The actual language of the balanced budget amendment that Congress will vote on before the end of the year has not yet been determined. However, many conservatives fear that Republican leaders may agree to vote on a stripped-down amendment that requires Congress to balance the budget but does not cap spending as a percentage of GDP or require supermajorities to raise taxes.
Conservatives also are concerned that an amendment of that nature, which might win the backing of some incumbent congressional liberals, would become a constitutional lever for sustaining big government via ever-escalating federal taxation.
When the Republican-controlled House approved the cut, cap and balance plan on July 19 in 234-190 vote, it included a version of the balanced budget amendment to cap federal spending at 19.9 percent of GDP. Leaders behind the initative originally sought to hold federal spending to 18 percent of GDP.

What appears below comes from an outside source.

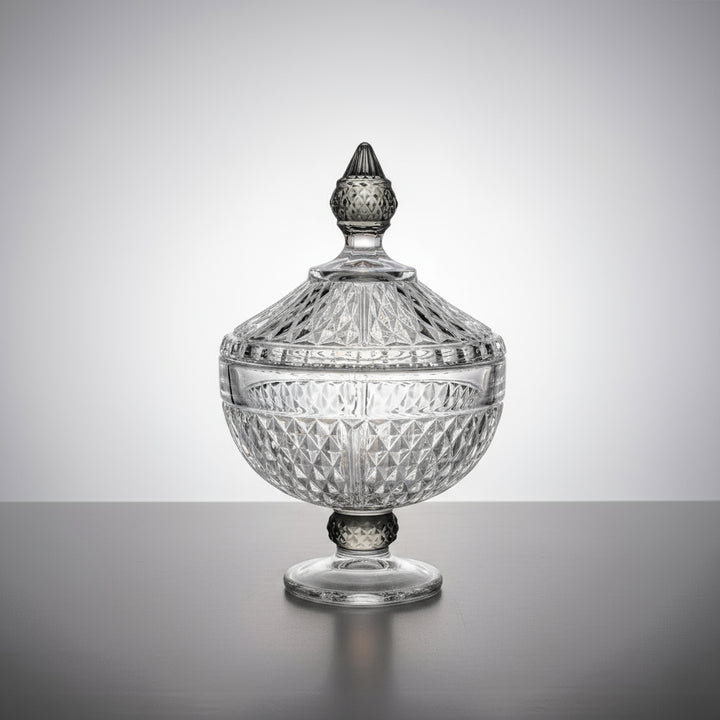 Pot en verre à pied avec coupe diamant - fumé sur la patte et le bouton, Fumé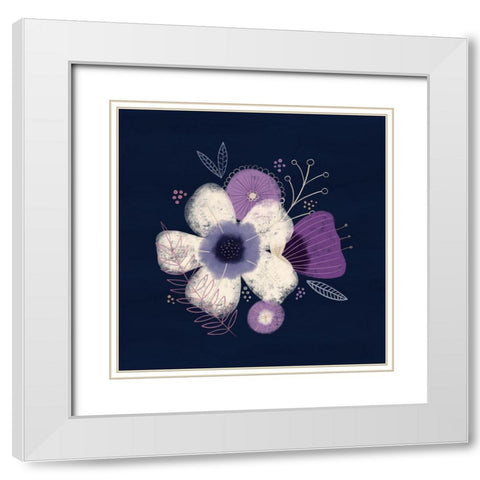 Cream Florals on Navy I White Modern Wood Framed Art Print with Double Matting by Noonday Design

The version of the balanced budget amendment in the cut, cap and balance plan also required a two-thirds majorities in both chambers of Congress to approve a tax increase. The amendment also would have prohibited deficit spending unless there was a national security emergency or a super-majority of Congress voted for it.
On July 22, the Senate voted 51-46 to approve a procedural motion that blocked substantive consideration of the cut, cap and balance bill in that body.
The debt-limit deal reached by President Barack Obama, House Speaker John Boehner (R-Ohio) and Senate Majority Leader Harry Reid (D-Nev.) requires that both chambers of Congress give an up or down vote to a balanced budget amendment before the end of the year. However, it does not specify the language of the amendment.
If two-thirds of Congress votes to approve a balanced budget amendment, it would then have to be ratified by 38 states, or three-fourths.
The House passed that debt-limit deal by a 269-161 vote on Aug. 1. Franks was one of 66 Republicans who voted against it.
“I am fundamentally convinced that a balanced budget amendment that says we are not able to deficit-spend apart from a national security emergency or a super-majority vote, even if it has no requirements related to a super-majority on taxes, will be a tremendous step forward in this country because there is already an understanding growing among the electorate that to raise taxes diminishes the economic base, and most of the time, the total revenues coming into the federal government,” Franks told CNSNews.com.